It's not possible to keep making good decisions indefinitely. Every organization eventually regresses towards mediocrity. Maybe incentives ruin things, maybe administrators learn how to game the system, or maybe the environment changes and the way the organization operates is no longer adequate.

1 comments

I don't really follow what you are arguing here. You starting with long hours is the same as hiring two times the amount of people, then you say that the european companies are all to old to innovate? There are plenty of european startups in the space race, they just can't compete... because europeans have a distain for "Fetishizing long work hours"
Those are two mostly unrelated discussions.

If you do demanding work, a full working week is 20-30 hours. Even 40 hours is too much and cannot be sustained in the long term. You can do more in the short term, but you'll eventually burn yourself out. Longer hours are only possible with routine and/or fake work that doesn't really make you more productive.

All organizations eventually stagnate, because humans have their own goals instead of being mindless cogs in the machine. SpaceX is still young enough that it may not be showing clear signs of stagnation, but it's hard to see that from the outside. Google is a few years older and clearly suffering from conflicting interests.

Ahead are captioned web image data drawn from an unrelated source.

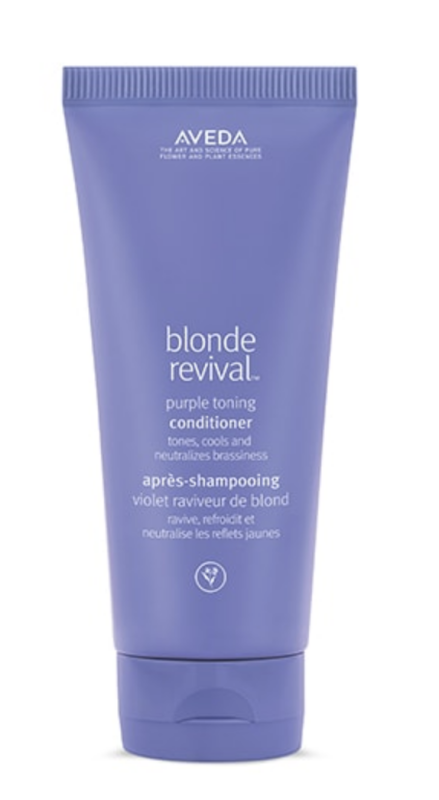 AVEDA Blonde Revival™ Purple Toning Conditioner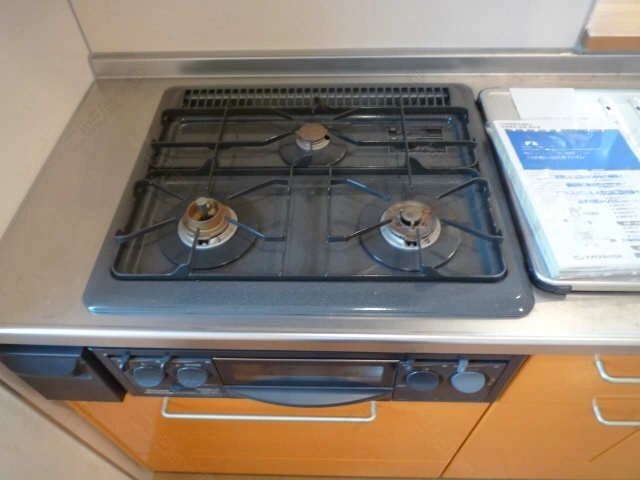ガスコンロ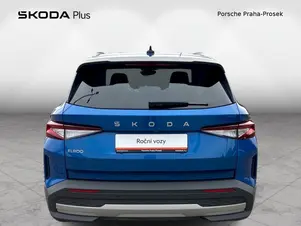 Škoda Elroq 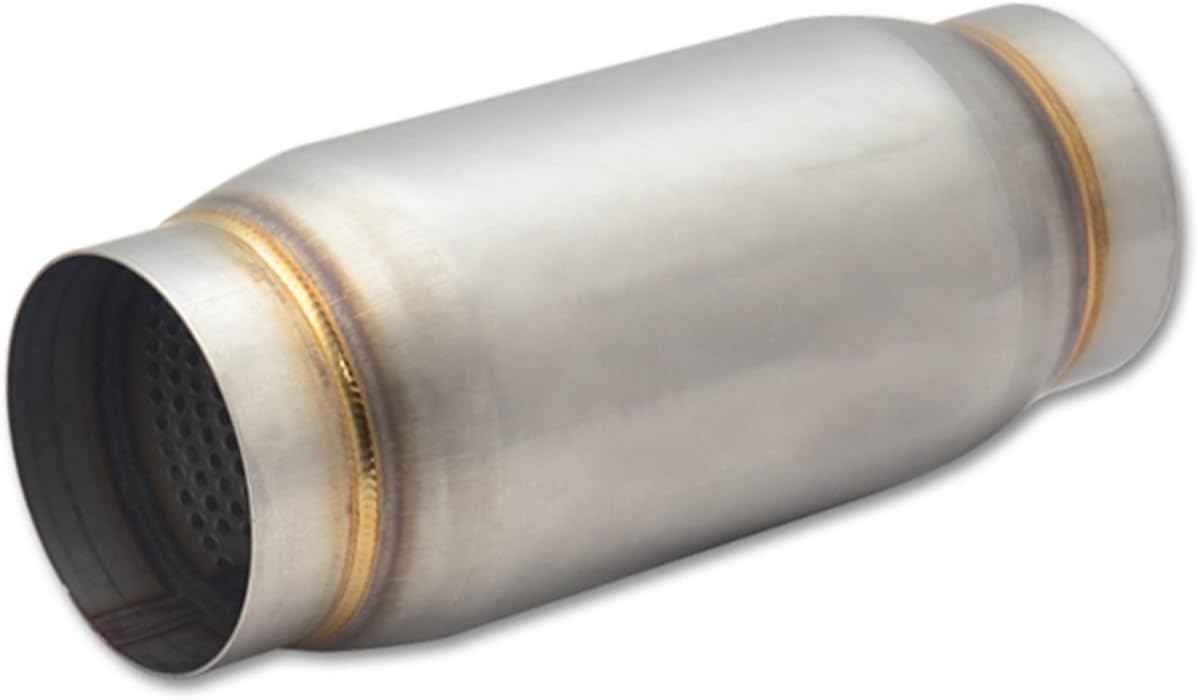 3" Stainless Steel Race Muffler Pack of 2 R798375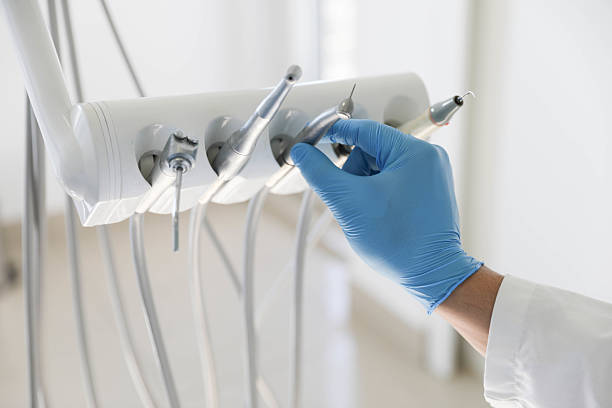 Professional Dental Implants technician working in Parker, SC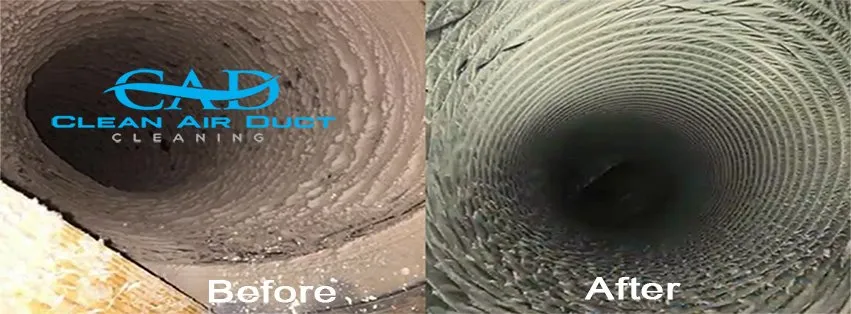Slide of Clean Air Duct Cleaning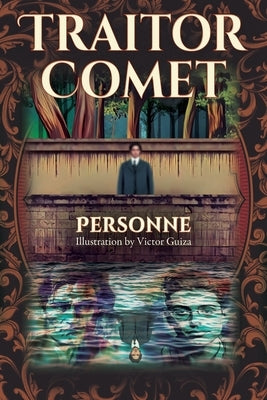 Traitor Comet Paperback Outskirts Press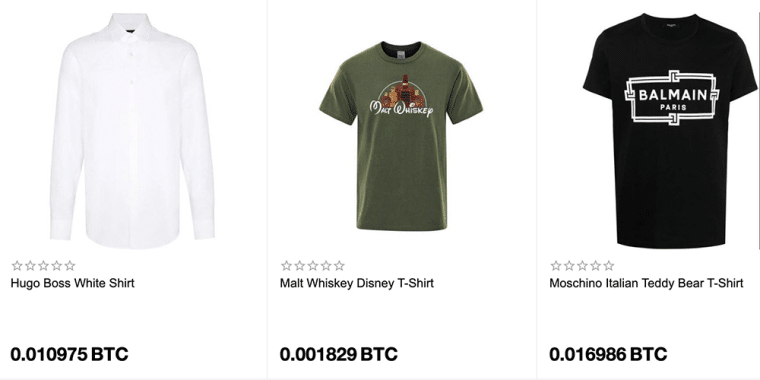 crypto emporium fashion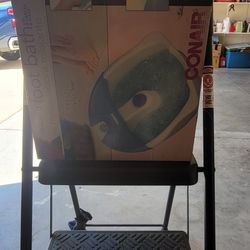 Conair Foot Bath New Inbox Never Used 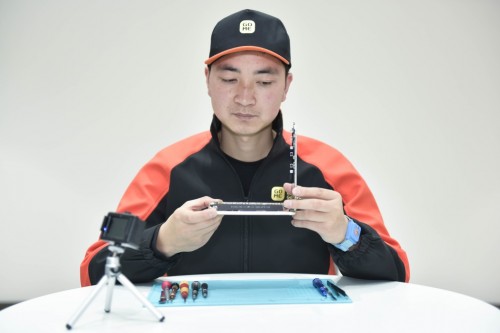 樂享生活好服務(wù) 國(guó)美管家專業(yè)維修在身邊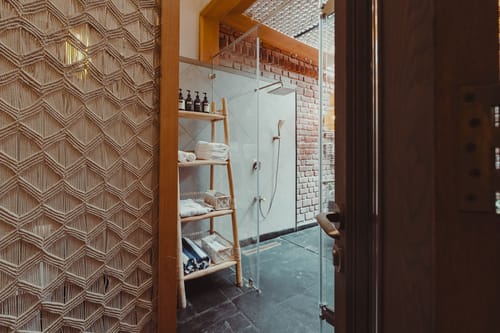 Ananta Bliss Talam | 2-BHK Pet-friendly Villa & 1 Tent On 1-Acre of Land with Shared Pool, Firepit, Garden & Gazebo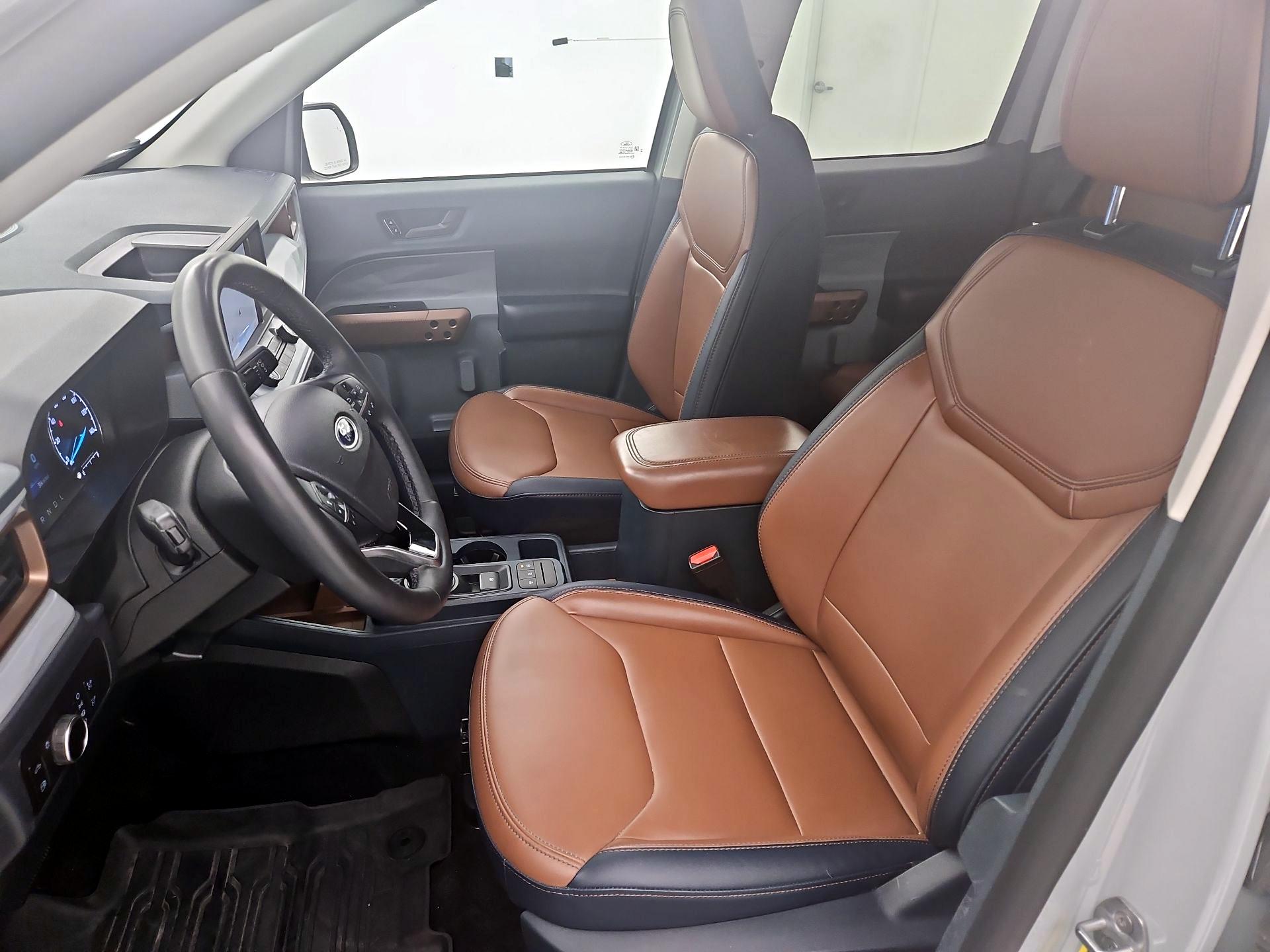 Thumbnail: 2023 Ford Maverick - 11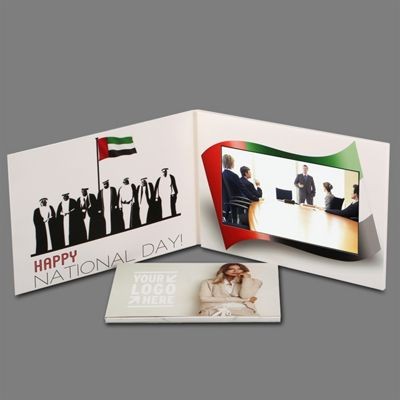 High Definition Video Brochure Book (Soft Cover)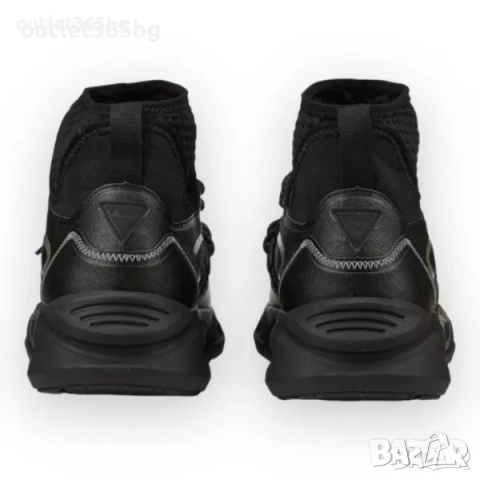 Puma - TRC Blaze Mid Core WS №42,№43 Оригинал Код 576, снимка 3 - Мъжки боти - 51823717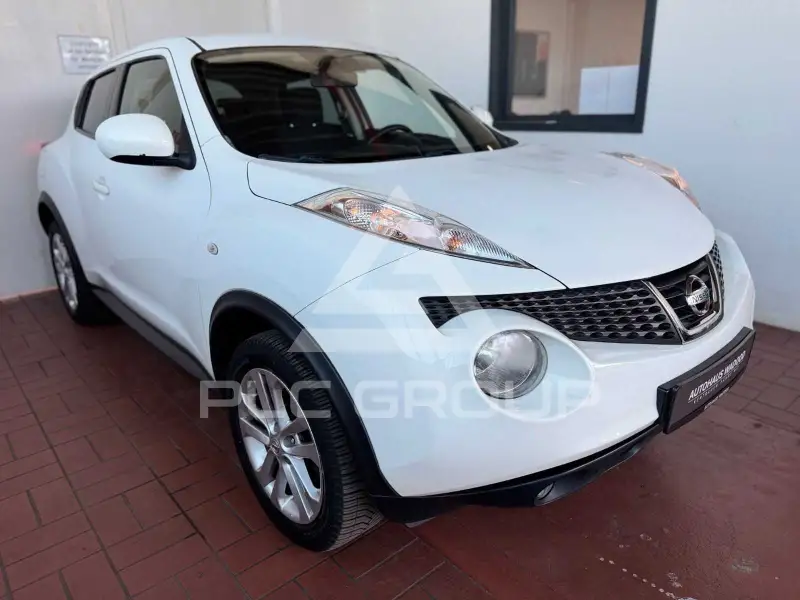 2013 Nissan Juke
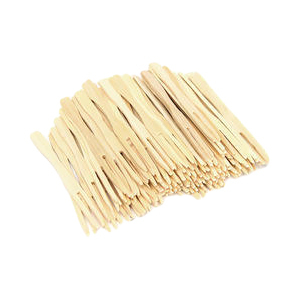 Bamboo Fruit Fork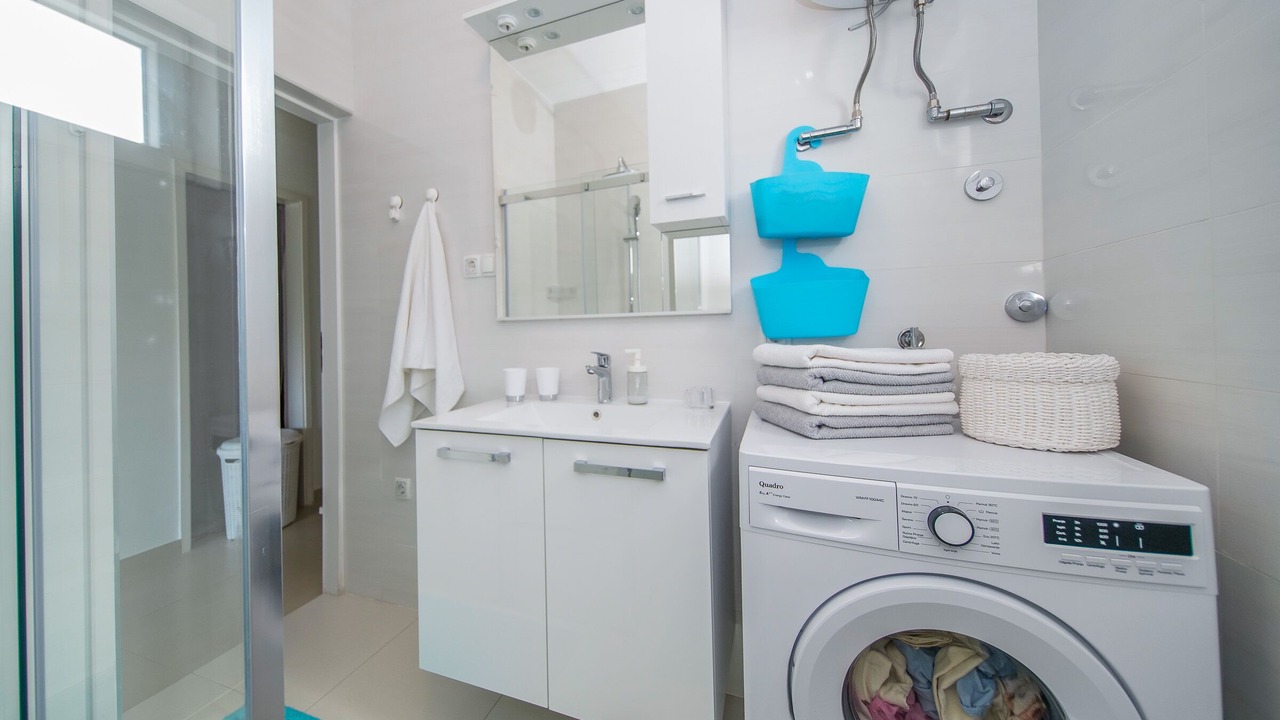Photo of Bathroom in Ston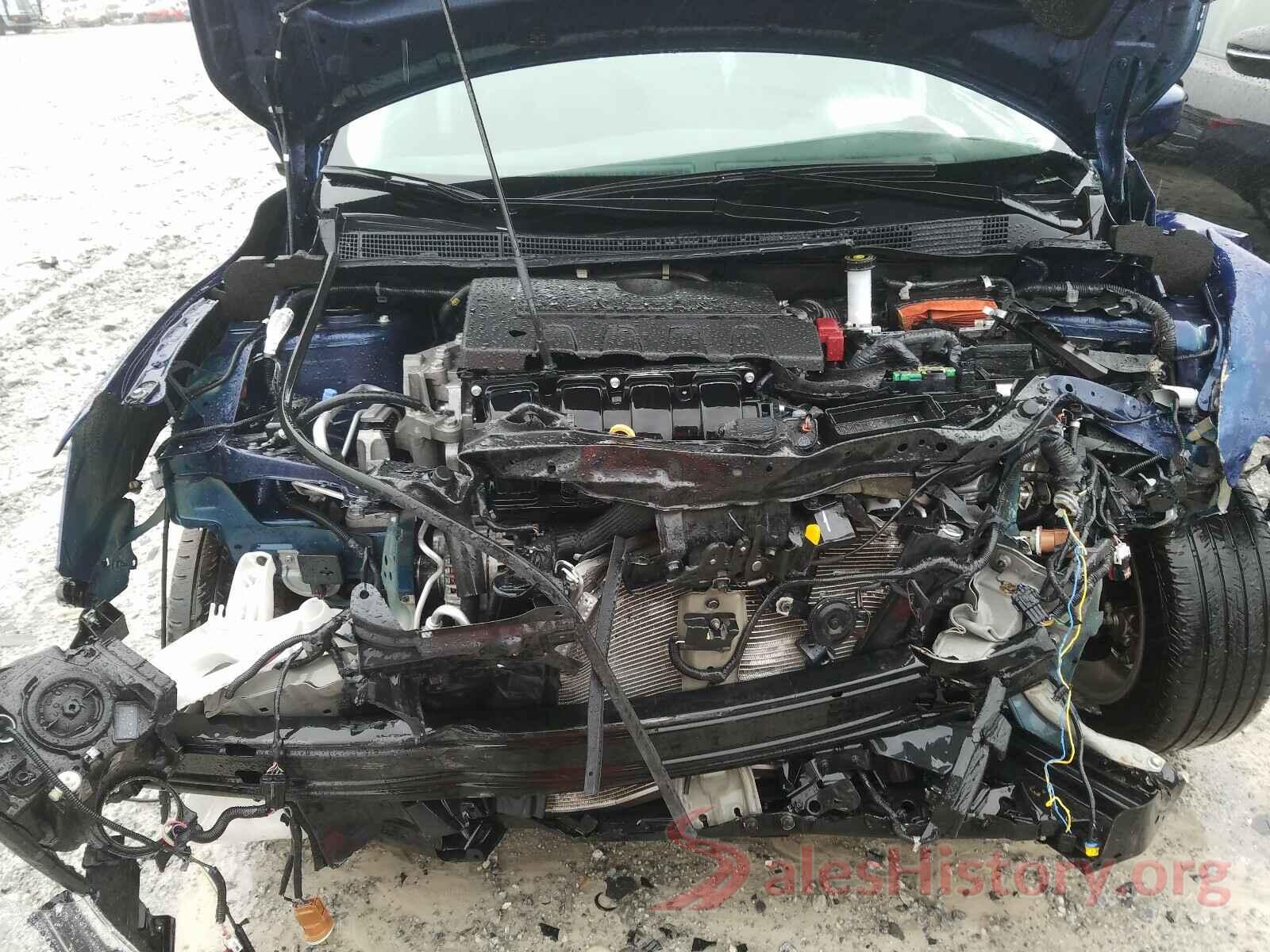 3N1AB7AP6KY259459 2019 NISSAN SENTRA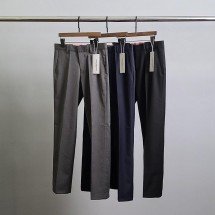 톰브라운 삼선밴딩 슬랙스 팬츠 (국내배송)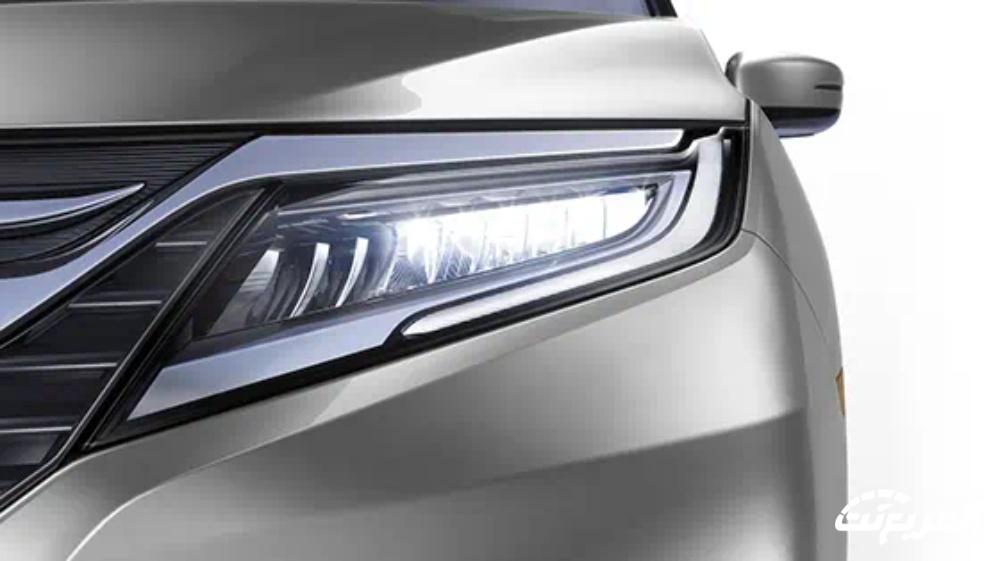 هوندا اوديسي 2024 الجديدة بجميع الفئات والاسعار المتوفرة عند الوكيل وابرز العيوب والمميزات هوندا اوديسي 2024 الجديدة بجميع الفئات والاسعار المتوفرة عند الوكيل وابرز العيوب والمميزات 42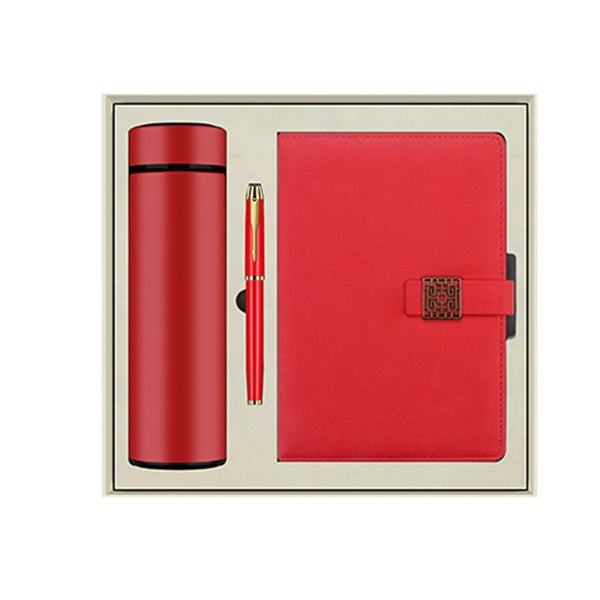 Notebook Tumbler Pen Business Corporate Gift Set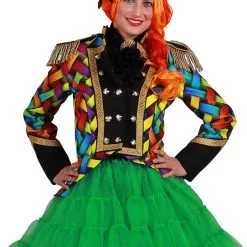 Overig Carnavalsjas Happy Weave Voor Dames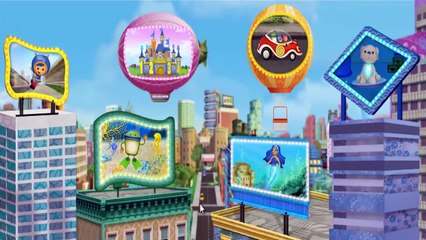 Team Umizoomi - Umizoomi Fire Truck Rescue - new New TV Full Game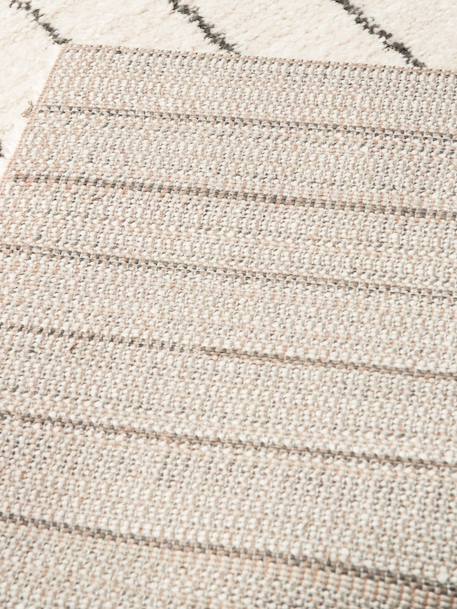 Tapis style scandinave doux et moelleux minos Beige sable 4 - vertbaudet enfant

>If you do demanding work, a full working week is 20-30 hours. Even 40 hours is too much and cannot be sustained in the long term. You can do more in the short term, but you'll eventually burn yourself out. Longer hours are only possible with routine and/or fake work that doesn't really make you more productive.

This line shows me that we will never agree. If i showed this to my boss he would laugh... and so would my entire team.

Silicon Valley runs on 80-hour weeks, sleepless nights, and a culture that glorifies obsession. It's a system that burns hot — and burns people out. Many of the engineers and founders who fuel these breakthroughs walk away in their 30s and 40s, exhausted but occasionally leaving billion-dollar companies in their wake.